Isaiah Bowser – Gasparilla Bowl victory over Florida

Isaiah Bowser in Florida

Isaiah Bowser – Gasparilla Bowl victory over Florida

Isaiah Bowser gasparilla bowl

Isaiah Bowser – Gasparilla Bowl victory over Florida

During spring ball in particular, Bowser doesn’t really need to run the ball very much, or a lot of full-contact reps. He’s one of the few players who just needs the mental conditioning and rehearsals to stay where he is. A veteran who is locked into his ultimate goal of playing in the NFL, Bowser has a great way of helping himself and the Knights during spring training, which is a bit of a change for him.

Be a coach on the field

Teaching young players. Bowser is one of the most respected players on the UCF roster. When communicating with another running back about how to keep the football in traffic, or how to set up to block a blitzing linebacker in pass protection, or anything else, players are going to listen to Bowser.

He is a humble young man but has a lot of knowledge. Still, he could help by speaking up. He could really help the UCF offense and the team by being a little more vocal this spring. It also helps if the running UCF stable is loaded.

Two Step Back Sets

With so many running back options possible, look for more formations, more variety overall from the running back position. Everyone will have to wait until the 2022 season to see UCF in person, but there are a few baseline projections that make sense.

First, two running backs in the backfield at a time. Bowser and? Name one. There are several good options like Johnny Richardson, Mark Antony-Richards and RJ Harvey just to start.

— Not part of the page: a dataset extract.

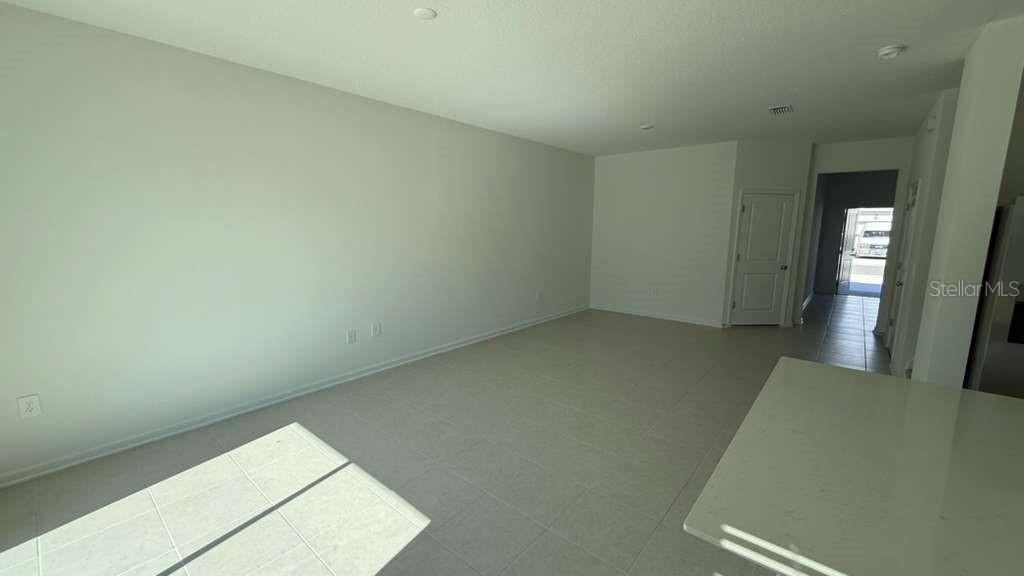 CHATEAU/ASTONIA - Residential Lease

Will UCF use one or more of the running backs in the slot while also having Bowser in the backfield? Possible. Time will tell us. Ultimately, finding ways to make the defense think instead of react is the goal here. The more a defense thinks, the more likely they are to slow down a bit after the snap of the ball.

Seeing a player like Richardson in the slot at the same time Bowser is in the backfield is just one possible scenario. Wildcat, maybe putting two wide running backs in a passing formation, etc. Bowser is a big part of one of those options because he’s such a talented runner that teams won’t just focus on him, but putting him in different spots could create misfires. assignments after the football slam. Hey, however big meter games are made, UCF will be all for it. This brings us to a final category.

be a decoy

Bowser is going to open up possibilities for other running backs like in the scenarios discussed above, as well as receivers and tight ends. Once the UCF quarterback’s situation becomes more stable, play assists should be a big plus this next season.

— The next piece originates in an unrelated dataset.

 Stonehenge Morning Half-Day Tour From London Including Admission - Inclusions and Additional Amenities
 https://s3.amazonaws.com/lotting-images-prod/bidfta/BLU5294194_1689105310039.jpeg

Additionally, it will help with any type of quarterback run i.e. quarterback sweep, play option, quarterback draw, etc. This is also the case with jet sweeps and screens. He’s such a good player that he’s really capable of opening the Knights’ passing offense without catching the ball. That’s huge for the UCF offense.

Final Thoughts

Bowser is a very good running back. To become great, you need more balance. Bowser, head coach Gus Malzah and the entire UCF coaching staff must strike a happy balance with how he trains this spring and behind, starting with how many touches he has. receives during games and how it is used with other ball carriers. It will be fun to see what the Knights come up with while Bowser plays one more season for UCF.